▶ [About this task] Could you transcribe exactly the lines below, from the line with "Certified 2022 Toyota" through the line with "Professional Electrician technician", and nothing else, leaving out the pictures?

▶ [Data provided]
-.-.-
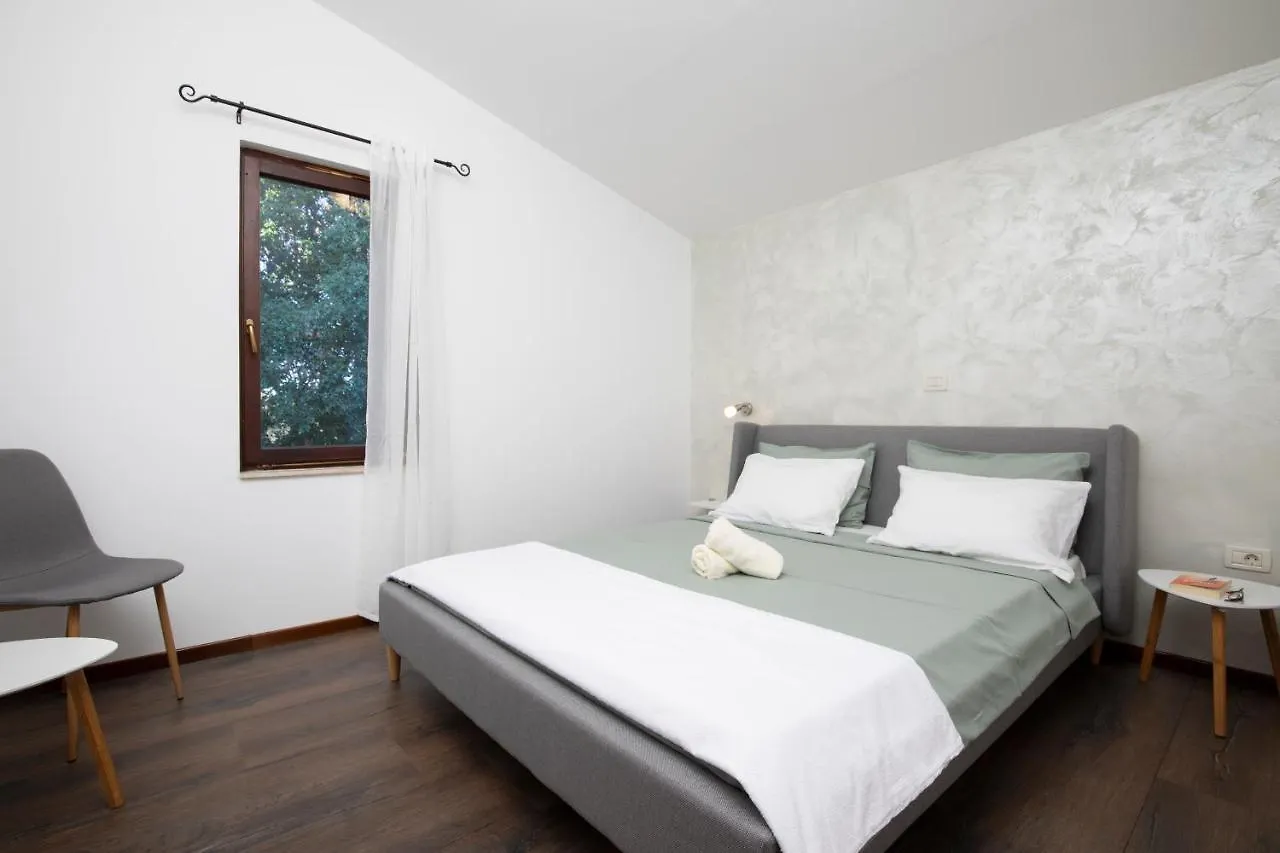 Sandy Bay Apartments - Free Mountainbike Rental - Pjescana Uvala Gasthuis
-.-.-
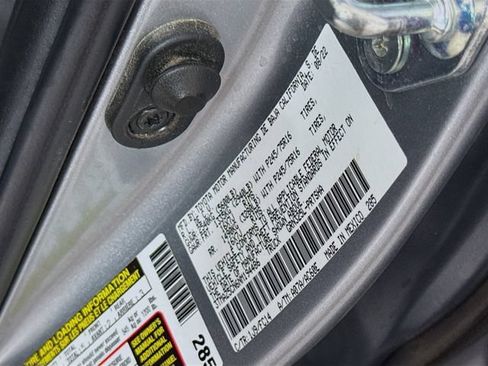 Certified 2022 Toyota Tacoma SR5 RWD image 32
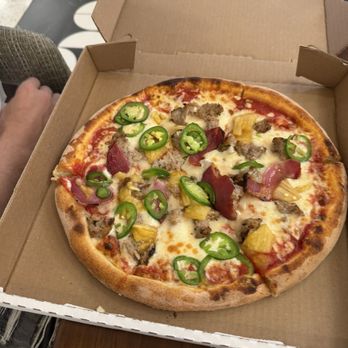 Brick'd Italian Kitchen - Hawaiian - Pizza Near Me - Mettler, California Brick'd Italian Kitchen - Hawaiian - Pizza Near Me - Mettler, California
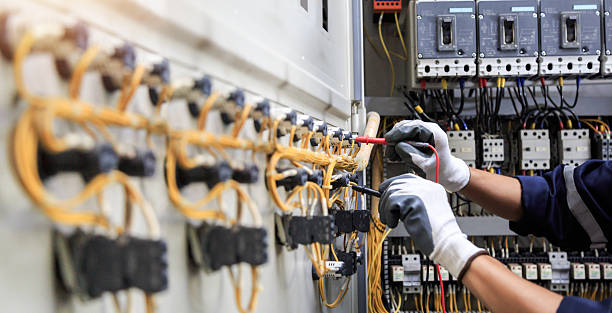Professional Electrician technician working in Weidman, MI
-.-.-
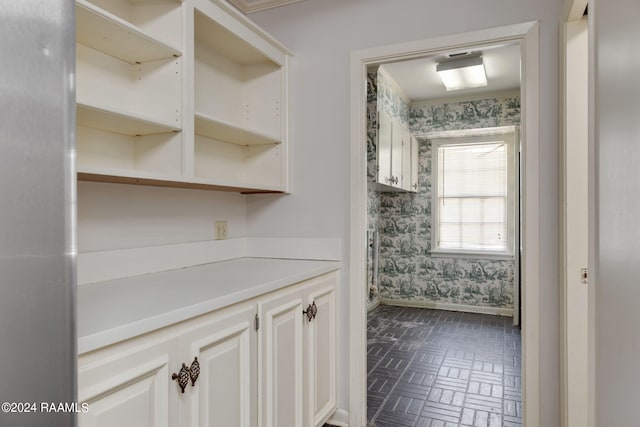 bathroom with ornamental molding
-.-.-
▶ [Answer to this task]
 Certified 2022 Toyota Tacoma SR5 RWD image 32
 Brick'd Italian Kitchen - Hawaiian - Pizza Near Me - Mettler, California Brick'd Italian Kitchen - Hawaiian - Pizza Near Me - Mettler, California
Professional Electrician technician working in Weidman, MI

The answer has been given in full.